Zoey awoke and sat up, splashing water in every direction and startling Stench Machine, who went skittering across the bathroom tile. She wiped water from her eyes and spent ten seconds trying to remember where she was.

She had fallen asleep in a bathtub that was twice as long as the one she was used to, and without the other end to brace her, had slid under the surface. The tub was in yet another of the guest rooms at the Casa de Zoey, a luxurious device that kept the water heated at a constant temperature, lit the room with simulated candlelight, and generated aromatherapy scents according to whatever mood it detected you were in. The inside of the tub was covered in a layer of some kind of clear gel that molded to your body, so you didn't have hard fiberglass pressing against your tailbone if you tried to sit up. Zoey wondered if there would be a perfect mold of her butt after she got out.

It was the middle of the night, about twelve hours after the events at Livingston Tower that left it a three-story-tall pile of steel beams and concrete in the center of a ten-block-wide lake of scattered glass. The bath had been Andre's idea, something he says they teach in the army, to deal with the immediate aftermath of combat trauma. When you get a moment of safety, they say, take time to do the human basics: bathing, grooming, eating, sleeping. Oh, and breathing—that slow, steady breathing, from the belly. You stay tensed up and alert all the time, Andre said, and you wind up frying those circuits in your brain, rendering them useless (“Or slowly drinking yourself to death, like Will here.”).

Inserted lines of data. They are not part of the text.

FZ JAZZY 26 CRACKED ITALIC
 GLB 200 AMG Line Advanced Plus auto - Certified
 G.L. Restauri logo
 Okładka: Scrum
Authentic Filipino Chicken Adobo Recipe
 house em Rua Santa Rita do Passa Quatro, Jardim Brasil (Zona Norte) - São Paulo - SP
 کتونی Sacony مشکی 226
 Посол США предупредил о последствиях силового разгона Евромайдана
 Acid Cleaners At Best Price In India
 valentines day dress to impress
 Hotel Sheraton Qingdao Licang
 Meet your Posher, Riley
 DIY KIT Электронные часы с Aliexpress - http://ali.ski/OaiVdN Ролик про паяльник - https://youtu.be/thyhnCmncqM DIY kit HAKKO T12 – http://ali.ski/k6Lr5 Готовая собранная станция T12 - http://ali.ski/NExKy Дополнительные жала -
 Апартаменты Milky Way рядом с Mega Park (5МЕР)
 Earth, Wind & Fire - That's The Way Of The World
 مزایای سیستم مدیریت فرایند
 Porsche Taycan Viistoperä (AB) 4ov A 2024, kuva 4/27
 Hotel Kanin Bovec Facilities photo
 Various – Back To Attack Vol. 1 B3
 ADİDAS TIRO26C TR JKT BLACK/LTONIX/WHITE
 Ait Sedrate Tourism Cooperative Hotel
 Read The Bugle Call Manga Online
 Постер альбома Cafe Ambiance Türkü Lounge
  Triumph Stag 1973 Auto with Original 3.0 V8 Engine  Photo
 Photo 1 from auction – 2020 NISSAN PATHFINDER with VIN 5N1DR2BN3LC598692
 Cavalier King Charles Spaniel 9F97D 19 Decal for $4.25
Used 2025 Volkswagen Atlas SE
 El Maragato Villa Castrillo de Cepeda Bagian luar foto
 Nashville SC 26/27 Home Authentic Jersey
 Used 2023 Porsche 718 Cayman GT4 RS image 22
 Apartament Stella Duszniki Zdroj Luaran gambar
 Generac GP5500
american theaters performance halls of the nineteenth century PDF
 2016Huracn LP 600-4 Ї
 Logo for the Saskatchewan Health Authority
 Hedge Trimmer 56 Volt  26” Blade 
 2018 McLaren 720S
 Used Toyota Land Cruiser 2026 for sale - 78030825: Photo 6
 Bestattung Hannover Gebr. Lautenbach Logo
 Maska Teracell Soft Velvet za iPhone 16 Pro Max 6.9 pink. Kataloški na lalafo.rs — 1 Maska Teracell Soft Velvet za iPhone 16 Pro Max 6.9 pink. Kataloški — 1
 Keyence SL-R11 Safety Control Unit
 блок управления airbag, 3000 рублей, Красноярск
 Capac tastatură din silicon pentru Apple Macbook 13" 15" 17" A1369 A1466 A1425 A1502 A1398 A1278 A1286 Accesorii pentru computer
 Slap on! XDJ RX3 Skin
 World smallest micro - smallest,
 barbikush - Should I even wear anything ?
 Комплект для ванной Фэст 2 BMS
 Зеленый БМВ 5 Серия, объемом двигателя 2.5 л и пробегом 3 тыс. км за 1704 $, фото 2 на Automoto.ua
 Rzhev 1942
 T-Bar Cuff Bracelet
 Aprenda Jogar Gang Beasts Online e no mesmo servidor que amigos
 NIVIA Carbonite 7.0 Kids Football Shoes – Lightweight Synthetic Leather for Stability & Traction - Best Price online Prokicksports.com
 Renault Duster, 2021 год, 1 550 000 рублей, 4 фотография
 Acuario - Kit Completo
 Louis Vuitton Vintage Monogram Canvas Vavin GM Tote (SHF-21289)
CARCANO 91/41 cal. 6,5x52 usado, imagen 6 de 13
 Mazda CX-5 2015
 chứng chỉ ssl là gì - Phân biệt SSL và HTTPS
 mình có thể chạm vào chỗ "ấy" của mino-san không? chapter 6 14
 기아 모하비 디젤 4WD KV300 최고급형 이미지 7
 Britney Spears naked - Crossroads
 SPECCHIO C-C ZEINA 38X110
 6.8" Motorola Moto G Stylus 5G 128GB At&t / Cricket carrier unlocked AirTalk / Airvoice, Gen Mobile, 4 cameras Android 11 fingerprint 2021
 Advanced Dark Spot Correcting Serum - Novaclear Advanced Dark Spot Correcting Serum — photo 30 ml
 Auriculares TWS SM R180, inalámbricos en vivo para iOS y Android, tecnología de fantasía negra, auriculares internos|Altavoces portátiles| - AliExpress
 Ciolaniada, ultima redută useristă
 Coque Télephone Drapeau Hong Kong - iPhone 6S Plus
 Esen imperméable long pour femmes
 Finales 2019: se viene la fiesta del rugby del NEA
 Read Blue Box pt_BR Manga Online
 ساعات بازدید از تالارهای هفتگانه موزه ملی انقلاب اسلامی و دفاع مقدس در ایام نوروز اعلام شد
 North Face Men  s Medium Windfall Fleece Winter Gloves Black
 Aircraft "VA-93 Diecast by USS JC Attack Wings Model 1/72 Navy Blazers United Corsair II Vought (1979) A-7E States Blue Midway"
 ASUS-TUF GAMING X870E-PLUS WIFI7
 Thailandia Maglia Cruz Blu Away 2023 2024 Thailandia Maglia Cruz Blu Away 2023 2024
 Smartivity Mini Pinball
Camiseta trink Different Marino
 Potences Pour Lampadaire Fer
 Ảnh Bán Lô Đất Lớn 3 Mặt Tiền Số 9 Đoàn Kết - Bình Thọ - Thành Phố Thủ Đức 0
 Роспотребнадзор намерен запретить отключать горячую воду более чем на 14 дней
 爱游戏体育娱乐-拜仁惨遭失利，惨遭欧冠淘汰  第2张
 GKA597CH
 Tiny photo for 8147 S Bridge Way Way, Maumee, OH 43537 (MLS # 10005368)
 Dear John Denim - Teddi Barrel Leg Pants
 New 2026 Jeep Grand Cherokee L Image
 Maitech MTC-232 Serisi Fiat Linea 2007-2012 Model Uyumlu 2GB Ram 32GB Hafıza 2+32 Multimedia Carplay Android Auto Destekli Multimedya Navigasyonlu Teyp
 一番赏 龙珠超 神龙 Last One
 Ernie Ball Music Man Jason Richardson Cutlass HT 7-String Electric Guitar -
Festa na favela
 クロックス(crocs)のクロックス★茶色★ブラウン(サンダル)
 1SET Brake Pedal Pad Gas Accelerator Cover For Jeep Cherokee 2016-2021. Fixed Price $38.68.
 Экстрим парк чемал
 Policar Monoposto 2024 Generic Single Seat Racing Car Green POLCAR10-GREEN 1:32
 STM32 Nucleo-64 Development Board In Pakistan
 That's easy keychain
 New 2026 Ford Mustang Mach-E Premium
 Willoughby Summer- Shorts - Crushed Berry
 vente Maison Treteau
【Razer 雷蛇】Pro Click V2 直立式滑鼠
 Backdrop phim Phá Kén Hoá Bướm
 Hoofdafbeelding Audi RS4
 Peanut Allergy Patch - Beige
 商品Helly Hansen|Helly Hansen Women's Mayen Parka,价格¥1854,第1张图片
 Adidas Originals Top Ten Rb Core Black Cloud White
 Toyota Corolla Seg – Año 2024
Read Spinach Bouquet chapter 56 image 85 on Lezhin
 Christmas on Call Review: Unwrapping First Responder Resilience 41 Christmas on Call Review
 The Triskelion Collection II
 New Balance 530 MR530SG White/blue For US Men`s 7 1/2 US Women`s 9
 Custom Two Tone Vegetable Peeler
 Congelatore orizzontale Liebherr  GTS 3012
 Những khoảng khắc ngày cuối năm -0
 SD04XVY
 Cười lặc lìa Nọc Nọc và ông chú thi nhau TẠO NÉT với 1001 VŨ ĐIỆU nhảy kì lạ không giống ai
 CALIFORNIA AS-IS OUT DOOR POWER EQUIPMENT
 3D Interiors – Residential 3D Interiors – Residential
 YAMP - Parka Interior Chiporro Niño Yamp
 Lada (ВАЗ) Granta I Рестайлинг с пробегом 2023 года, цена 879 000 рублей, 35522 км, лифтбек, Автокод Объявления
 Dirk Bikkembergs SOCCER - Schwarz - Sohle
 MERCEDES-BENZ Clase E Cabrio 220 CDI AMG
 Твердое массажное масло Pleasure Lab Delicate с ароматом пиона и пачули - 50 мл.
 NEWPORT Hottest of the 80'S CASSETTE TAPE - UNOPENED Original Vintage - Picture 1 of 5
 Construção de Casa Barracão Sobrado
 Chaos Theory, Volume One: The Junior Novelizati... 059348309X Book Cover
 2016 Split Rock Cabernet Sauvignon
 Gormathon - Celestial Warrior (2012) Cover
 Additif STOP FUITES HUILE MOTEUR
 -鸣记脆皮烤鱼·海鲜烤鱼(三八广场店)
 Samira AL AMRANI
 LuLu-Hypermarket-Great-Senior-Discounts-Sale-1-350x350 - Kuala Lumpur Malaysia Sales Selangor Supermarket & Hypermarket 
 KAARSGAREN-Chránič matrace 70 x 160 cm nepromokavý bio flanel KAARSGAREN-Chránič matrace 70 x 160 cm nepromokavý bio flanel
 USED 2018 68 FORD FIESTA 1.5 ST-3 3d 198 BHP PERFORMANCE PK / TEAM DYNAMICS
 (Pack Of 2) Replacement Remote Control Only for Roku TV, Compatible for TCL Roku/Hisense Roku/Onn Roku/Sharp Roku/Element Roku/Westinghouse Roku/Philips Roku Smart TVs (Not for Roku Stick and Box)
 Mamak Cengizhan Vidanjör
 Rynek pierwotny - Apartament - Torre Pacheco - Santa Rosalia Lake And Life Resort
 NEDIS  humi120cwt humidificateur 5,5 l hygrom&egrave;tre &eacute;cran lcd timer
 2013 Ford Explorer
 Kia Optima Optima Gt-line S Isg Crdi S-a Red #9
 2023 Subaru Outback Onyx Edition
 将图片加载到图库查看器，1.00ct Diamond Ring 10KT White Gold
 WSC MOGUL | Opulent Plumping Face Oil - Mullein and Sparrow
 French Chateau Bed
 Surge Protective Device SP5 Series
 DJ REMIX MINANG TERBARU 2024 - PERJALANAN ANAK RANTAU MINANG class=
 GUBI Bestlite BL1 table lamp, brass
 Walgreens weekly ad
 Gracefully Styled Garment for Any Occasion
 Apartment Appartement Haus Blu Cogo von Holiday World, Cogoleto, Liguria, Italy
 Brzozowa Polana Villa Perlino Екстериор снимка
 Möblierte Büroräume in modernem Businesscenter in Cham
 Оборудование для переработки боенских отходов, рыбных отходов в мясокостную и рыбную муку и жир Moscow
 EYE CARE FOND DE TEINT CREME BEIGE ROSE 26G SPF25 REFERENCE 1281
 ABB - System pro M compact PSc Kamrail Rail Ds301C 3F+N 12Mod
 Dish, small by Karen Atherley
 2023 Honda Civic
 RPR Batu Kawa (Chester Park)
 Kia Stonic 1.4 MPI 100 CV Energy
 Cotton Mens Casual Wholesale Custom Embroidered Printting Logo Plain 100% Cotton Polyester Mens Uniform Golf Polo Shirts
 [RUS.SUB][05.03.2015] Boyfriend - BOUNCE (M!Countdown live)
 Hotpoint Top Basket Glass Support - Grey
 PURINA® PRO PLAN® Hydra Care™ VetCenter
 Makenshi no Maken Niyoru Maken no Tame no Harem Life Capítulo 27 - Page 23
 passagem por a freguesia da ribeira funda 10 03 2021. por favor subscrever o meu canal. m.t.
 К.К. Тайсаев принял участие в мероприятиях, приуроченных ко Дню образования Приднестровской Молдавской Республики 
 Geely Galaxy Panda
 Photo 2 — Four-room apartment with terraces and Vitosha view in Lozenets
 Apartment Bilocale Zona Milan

Zoey stepped out of the guest room (and yes, the tub did in fact have a butt indentation after she got out) and found Wu patiently standing guard outside her door.

At the sight of her he said, “Ms. Ling was looking for you. There is activity in the ballroom.”

“Okay, do you mean an actual ballroom where people hold dances, or that room with the Chuck E. Cheese ball pit?” Zoey imagined Will, Echo, and the rest flopping around in there among the colored balls, like a bunch of kids at a birthday party.

“The former, I would assume.”

“All right, didn't know I had one of those. Do you have any idea where it is?”